Let $I$ be the incenter and $A_2, B_2$ be the incircle tangency points on $CB, CA$. Let $M, N$ be the midpoints of $CB, CA$. Define $X=(ABC) \cap (CI)$ and let $X_1$ be the midpoint of $CX$. Note that $X, I, C'$ collinear. Claim: $\triangle XA_2B_2 \sim \triangle CA_1B_1$ directly similar. Proof: As $X$ is spiral center $BA \mapsto A_2B_2$ we have $\triangle XA_2B_2 \sim XBA \sim X_1MN$ are directly similar. Now recall that $M$ is the midpoint of $A_1A_2$ and $N$ is the midpoint of $B_1B_2$ and $X_1$ is the midpoint of $CX$, so by a spiral lemma we have $XA_2B_2 \sim \triangle CA_1B_1$. $\Box$ Claim: $CX$ is tangent to $(CA_1B_1)$. Proof: Observe that $\measuredangle XCB_1 = \measuredangle XA_2B_2 = \measuredangle CA_1B_1$. $\Box$ Let $\ell$ be the reflection of $CX$ over $CI$. Claim: $\ell \parallel A_1B_1$ Proof: Angle chase with similar triangles again. Or, take a $\sqrt{ab}$ inversion followed by a reflection about $CI$, and let $(\cdot)'$ denote the image of $(\cdot)$. Then $\ell$ is parallel to $A_1'B_1'$ by the second claim. But $A_1'B_1' \parallel A_1B_1$, as needed. $\Box$ Finally, let $K \in (ABC)$ be the midpoint of $II_C$ and let $C''$ be the reflection of $C'$ over $K$. Observe that $I_CC'' \parallel C'I \perp CX$ since $IC'I_CC''$ is a rhombus. Reflecting over $CI$ gives $I_CC' \perp \ell \parallel A_1B_1$, so we are done!

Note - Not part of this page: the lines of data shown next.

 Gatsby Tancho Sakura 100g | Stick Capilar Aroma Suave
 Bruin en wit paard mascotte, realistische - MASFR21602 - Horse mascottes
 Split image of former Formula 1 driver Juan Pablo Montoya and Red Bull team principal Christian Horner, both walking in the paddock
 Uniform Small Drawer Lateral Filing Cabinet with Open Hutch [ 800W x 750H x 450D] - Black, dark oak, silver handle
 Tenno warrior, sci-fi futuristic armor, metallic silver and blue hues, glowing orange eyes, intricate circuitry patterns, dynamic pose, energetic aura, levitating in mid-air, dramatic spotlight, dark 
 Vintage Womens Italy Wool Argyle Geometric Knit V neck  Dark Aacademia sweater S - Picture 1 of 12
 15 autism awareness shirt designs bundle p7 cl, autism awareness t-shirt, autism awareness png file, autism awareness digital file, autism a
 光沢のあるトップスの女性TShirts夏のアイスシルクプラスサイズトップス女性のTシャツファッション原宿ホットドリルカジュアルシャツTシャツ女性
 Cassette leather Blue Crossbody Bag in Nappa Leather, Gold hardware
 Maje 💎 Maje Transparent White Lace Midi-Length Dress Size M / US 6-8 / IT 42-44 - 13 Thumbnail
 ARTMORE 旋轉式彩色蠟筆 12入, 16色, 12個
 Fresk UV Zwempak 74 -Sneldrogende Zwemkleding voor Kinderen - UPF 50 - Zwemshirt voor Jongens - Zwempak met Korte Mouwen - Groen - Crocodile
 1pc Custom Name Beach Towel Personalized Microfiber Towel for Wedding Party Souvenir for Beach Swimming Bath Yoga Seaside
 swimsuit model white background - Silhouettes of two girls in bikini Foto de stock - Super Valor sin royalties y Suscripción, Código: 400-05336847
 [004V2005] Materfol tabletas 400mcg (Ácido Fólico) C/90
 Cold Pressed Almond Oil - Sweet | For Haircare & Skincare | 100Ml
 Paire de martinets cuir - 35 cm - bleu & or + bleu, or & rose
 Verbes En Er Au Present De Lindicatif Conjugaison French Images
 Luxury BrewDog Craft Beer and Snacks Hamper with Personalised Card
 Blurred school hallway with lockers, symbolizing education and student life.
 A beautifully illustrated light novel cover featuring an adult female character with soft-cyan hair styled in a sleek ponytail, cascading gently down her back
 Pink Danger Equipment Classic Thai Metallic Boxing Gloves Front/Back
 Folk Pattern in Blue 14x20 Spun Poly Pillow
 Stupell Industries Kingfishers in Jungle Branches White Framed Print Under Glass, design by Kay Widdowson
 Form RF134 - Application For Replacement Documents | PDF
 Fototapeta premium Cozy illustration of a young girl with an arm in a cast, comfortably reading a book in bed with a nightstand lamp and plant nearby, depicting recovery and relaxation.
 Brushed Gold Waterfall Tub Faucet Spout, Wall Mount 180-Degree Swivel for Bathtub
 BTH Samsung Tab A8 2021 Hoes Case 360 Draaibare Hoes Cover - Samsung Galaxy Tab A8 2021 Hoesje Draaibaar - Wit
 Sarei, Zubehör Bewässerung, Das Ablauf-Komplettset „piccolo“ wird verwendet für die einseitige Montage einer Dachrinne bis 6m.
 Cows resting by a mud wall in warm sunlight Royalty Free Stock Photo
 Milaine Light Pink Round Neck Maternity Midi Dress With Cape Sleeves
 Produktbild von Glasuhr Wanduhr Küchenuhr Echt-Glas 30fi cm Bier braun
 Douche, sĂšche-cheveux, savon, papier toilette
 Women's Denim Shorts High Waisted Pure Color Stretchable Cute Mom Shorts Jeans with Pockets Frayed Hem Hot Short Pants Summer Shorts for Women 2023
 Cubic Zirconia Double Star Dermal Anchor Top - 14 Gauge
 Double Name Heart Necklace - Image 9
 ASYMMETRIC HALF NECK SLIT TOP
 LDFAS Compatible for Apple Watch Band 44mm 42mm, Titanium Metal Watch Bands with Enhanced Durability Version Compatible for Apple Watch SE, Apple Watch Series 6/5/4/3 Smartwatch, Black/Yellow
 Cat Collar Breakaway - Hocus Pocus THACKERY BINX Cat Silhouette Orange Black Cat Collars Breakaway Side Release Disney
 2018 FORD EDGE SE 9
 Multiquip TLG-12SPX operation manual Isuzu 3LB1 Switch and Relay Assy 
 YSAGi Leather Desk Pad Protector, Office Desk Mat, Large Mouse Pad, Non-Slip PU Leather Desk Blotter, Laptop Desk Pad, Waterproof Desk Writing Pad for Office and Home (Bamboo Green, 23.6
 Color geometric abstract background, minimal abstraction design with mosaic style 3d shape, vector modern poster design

Weird Russian \(C-\) naming. Let \(CI \cap \odot ABC = M, C'I \cap \odot ABC \cap \odot (I) = D\), the incircle \(\odot (I) \cap BC, AB = E,F\) resp. and let \(B_e\) denote the bevan point. We know that \(CB'A' \sim \Delta DFE \Rightarrow \angle DIC = \angle B_eCI_c\) but since, \(C'M \perp\) bisects \( II_c\) \(\Rightarrow \angle DIC = \angle CI_CC'\) and hence the conclusion \(\quad \blacksquare\).